Re: [net,v4] serial: caif: hold tty->link reference in ldisc_open and ser_release
From: Shuangpeng
Date: Wed Mar 04 2026 - 20:23:44 EST
> On Mar 3, 2026, at 20:26, Jakub Kicinski <kuba@xxxxxxxxxx> wrote:
>
> This is an AI-generated review of your patch. The human sending this
> email has considered the AI review valid, or at least plausible.
>
> For local reproduction steps see https://netdev-ai.bots.linux.dev/ai-local.html
> ---
> serial: caif: hold tty->link reference in ldisc_open and ser_release
>
> This commit addresses a KASAN slab-use-after-free in pty_write_room()

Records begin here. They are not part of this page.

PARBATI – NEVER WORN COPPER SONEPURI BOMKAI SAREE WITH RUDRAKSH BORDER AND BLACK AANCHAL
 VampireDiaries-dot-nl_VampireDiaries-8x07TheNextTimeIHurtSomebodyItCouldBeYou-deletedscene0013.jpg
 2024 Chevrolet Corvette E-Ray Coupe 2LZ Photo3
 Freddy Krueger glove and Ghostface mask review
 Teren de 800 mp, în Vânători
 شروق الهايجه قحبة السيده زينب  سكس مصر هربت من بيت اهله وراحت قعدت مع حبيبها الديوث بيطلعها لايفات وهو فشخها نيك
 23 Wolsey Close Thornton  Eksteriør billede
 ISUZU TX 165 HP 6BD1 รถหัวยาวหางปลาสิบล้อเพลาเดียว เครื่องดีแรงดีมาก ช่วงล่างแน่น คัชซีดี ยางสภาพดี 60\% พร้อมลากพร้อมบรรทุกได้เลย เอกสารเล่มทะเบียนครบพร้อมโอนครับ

> triggered when caif_serial's TX path calls tty_write_room(). The fix
> holds an extra reference on tty->link throughout the lifetime of the
> caif_serial line discipline.
>
> Link: https://lore.kernel.org/all/20260228094741.1e248271@xxxxxxxxxx/
> Link: https://gist.github.com/shuangpengbai/c898debad6bdf170a84be7e6b3d8707f
>
> The Fixes tag points to commit 308e7e4d0a84 ("serial: caif: fix
> use-after-free in caif_serial ldisc_close()"), but the regression was
> actually introduced by commit e31d5a05948e ("caif: tty's are kref
> objects so take a reference"). That commit added tty_kref_get(tty) to
> hold a reference on the tty, but failed to also hold a reference on
> tty->link, which is accessed via tty_write_room() in handle_tx().
>
> Commit 308e7e4d0a84 merely exposed this existing regression by changing
> the timing.
>
> Should the Fixes tag be updated to:
>
> Fixes: e31d5a05948e ("caif: tty's are kref objects so take a reference")
>
Thanks for confirming the correct Fixes commit. I will update the Fixes
tag in the next revision.
>> diff --git a/drivers/net/caif/caif_serial.c b/drivers/net/caif/caif_serial.c
>> index b90890030751..1873d8287bb9 100644
>> --- a/drivers/net/caif/caif_serial.c
>> +++ b/drivers/net/caif/caif_serial.c
>> @@ -297,6 +297,7 @@ static void ser_release(struct work_struct *work)
>> dev_close(ser->dev);
>> unregister_netdevice(ser->dev);
>> debugfs_deinit(ser);
>> + tty_kref_put(tty->link);
> ^^^^^^^^^^^^^^^^^^^^
>
> Can this dereference NULL? The tty->link field is only set for PTY
> (pseudo-terminal) pairs. For regular serial ports and other non-PTY
> devices, tty->link is NULL.
>
> The CAIF line discipline can be attached to any TTY device via the
> TIOCSETD ioctl. When ser_release() is called to clean up a ser_device
> that was created for a non-PTY TTY device, tty->link would be NULL.
>
> Should this check for NULL before calling tty_kref_put()?
>
tty_kref_get() / tty_kref_put() are NULL-safe, so calling them with
tty->link == NULL is not a functional issue.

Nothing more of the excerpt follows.